Ovarian lymphatic vasculature is thought to play a vital role in fluid homeostasis and hormone trafficking, and alongside blood vasculature has been linked to several ovarian disorders such as polycystic ovary syndrome, ovarian hyperstimulation syndrome and massive ovarian oedema. The lymphatic dysfunction alters the normal luteinisation of the ovary which may lead to changes in normal ovarian steroidogenesis responsible for the clinical symptomatology of the MOO. Thus, masculinisation and precocious puberty could be common symptoms among women affected by this entity.

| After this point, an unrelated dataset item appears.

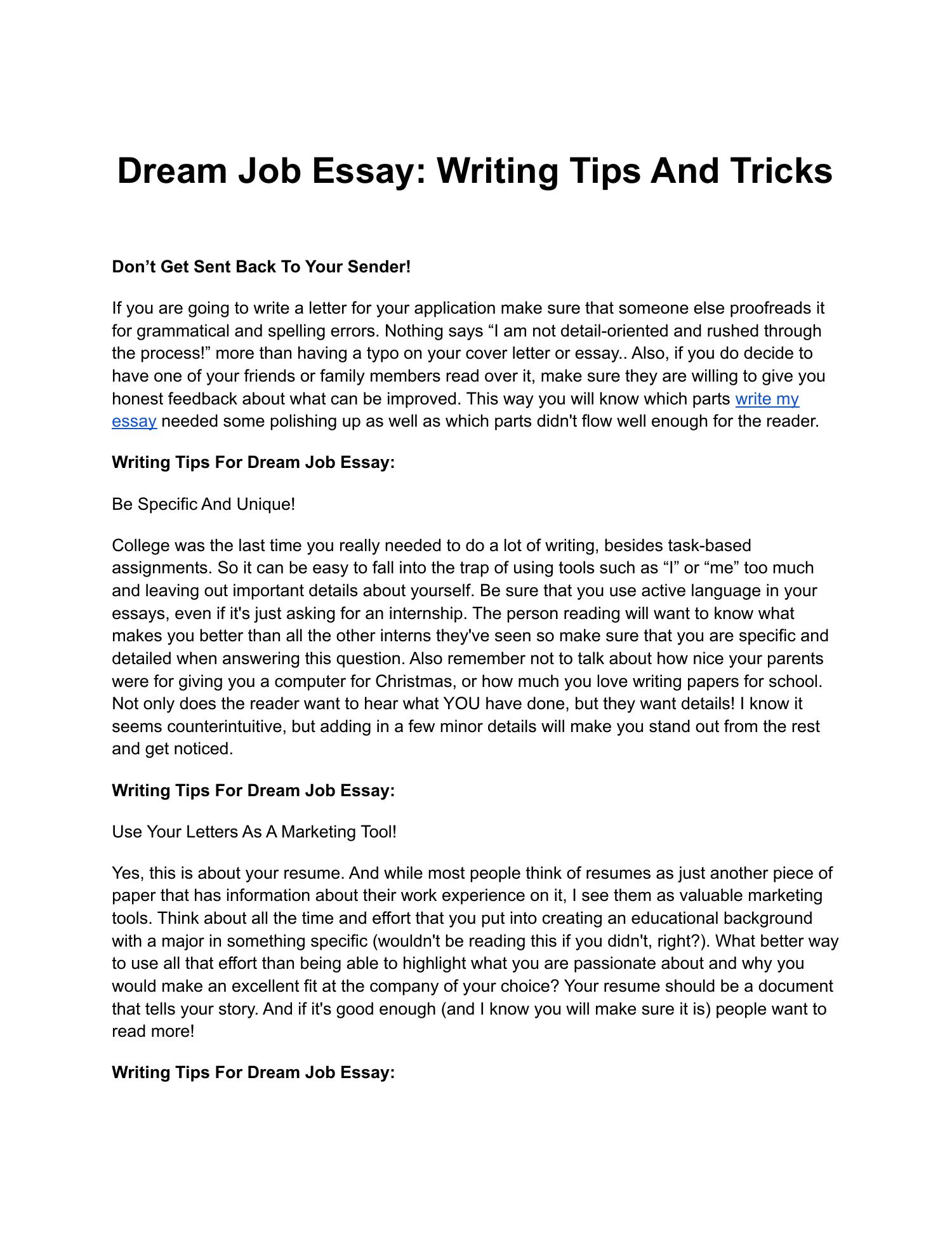 dream job essay example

MOO is considered a rare disorder and unknown for most clinicians. A review of the literature proves that most patients are over treated with salpingo-oophorectomy on the basis that a primary ovarian neoplasm is suspected. In the review conducted by Praveen et al. 151 cases out of 177 were primary massive ovarian oedema and 88.7% of them did not have fertility-sparing surgery.4 Despite advanced radiological imaging MOO can easily over-diagnosed as ovarian neoplasm. However, the presence of peripherally embedded follicles may enable to differentiate between oedema and a neoplastic lesion.5 A twisted vascular pedicle between the enlarged ovary and the uterus may help to differentiate an adnexal torsion from MOO.

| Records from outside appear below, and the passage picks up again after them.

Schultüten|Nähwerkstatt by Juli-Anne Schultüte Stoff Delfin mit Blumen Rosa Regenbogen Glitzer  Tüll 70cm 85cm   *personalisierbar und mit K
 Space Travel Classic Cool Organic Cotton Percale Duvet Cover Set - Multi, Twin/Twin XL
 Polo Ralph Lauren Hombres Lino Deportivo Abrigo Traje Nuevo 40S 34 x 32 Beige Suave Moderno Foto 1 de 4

The differential diagnosis of MOO includes ovarian myxoma, fibromatosis and sclerosing stromal tumour (SST). Pure ovarian myxoma is sharply circumscribed, and normal ovarian tissue can be seen at its periphery, whereas massive ovarian edema often incorporates follicular structures at its periphery and spares the peripheral cortex. The SST has often a pseudolobular appearance with cellular areas separated by hyalinised connective tissue. Ovarian fibromatosis is a rare entity. Microscopy typically shows proliferation of spindle-shaped cells surrounding the normal follicular structure of the ovary. The superficial cortex is thickened and shows acellular bands of dense collagen.6 MOO is a non-neoplastic disorder; therefore clinicians should consider this condition and take under consideration the age of patients presenting with this entity in order to preserve hormonal functions and their fertility.

Conclusion

Due to absence of pathognomonic clinical or radiological signs, when young women in the reproductive age group present with acute or chronic abdominal pain and a solid ovarian tumour-like mass, MOO should be suspected and conservative treatment proposed. Considering that medical management is not an option for this condition, wedge resection at the time of surgery and frozen section must be taken into consideration in order to preserve the fertility of these young patients.

Acknowledgments

None.

Conflicts of interest

The authors declare that they have no conflict of interest.